Três vezes ao dia a enfermeira Rose entrava na salinha e punha uma bandeja com a comida no chão, acordava Marie que na maioria das vezes fingia estar dormindo:
- Hora do remédio...
Aquela voz patética da enfermeira a irritava tanto que ela sempre se via com as mãos no pescoço da moça a sufocá-la até não sentir nenhum sinal de vida.
- Abra a boca. E colocava o comprimido sobre sua língua.
- Agora tome toda a água...muito bem, você é uma mocinha muito comportada. Coma toda a comida que foi feita especialmente pra você.
Que vadia, Marie pensava. Como pode ser tão hipócrita.
O acolchoado de toda a sala estava mofado, e faltavam pedaços aqui e ali. À noite via ratos e baratas passando por entre as frestas. Os lençóis fediam a barata e mofo. Mal faziam limpeza no local, toda a sala fedia. A própria Marie fedia. Era tudo precário, a comida parecia à mesma que ela dava a um criador de porcos todos os dias no final do expediente quando trabalhava na lanchonete, os restos das mesas, o que sobrava na cozinha, tudo misturado formando uma massa quase homogenia que daria nojo em qualquer ser humano. Era com aquela mesma mistura que se parecia o que Marie era obrigada a engolir todos os dias. E mais ainda ela culpava a mãe por ter permitido que ela fosse parar ali, naquele hospício imundo.
Por precaução Marie nunca tomava o remédio, ela sempre punha o comprimido embaixo da língua e depois que a enfermeira saia ela o tirava da boca e enfiava com os dedos numa das aberturas do acolchoado da sala. Tinha medo de ficar realmente louca.

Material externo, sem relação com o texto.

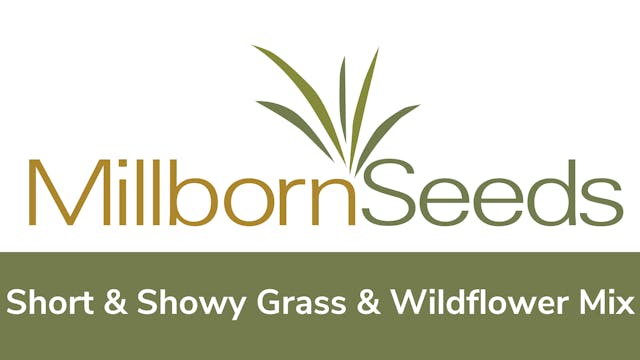 Millborn Seeds - Blooming Short & Showy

Domingo era dia de visita. Mas nem todos os domingos a família podia ir visitá-la. Mesmo assim a enfermeira a tirava da salinha e deixava a moça sentada num dos bancos do jardim do hospício. Era o único dia que respirava um pouco de ar puro, mesmo não sendo tão puro assim, pois o local era coberto por folhas e via-se excremento de alguns doentes que faziam suas necessidades ali mesmo. Também saia quando ia tomar banho, o que acontecia no período de dois em dois dias. O diretor decidiu assim pra não gerar transtorno e também para economizar, já que o que recebia era pouco para custear tantos loucos que nunca acabavam de chegar. Quase todos os dias recebiam um ou dois para habitar a pequena dependência.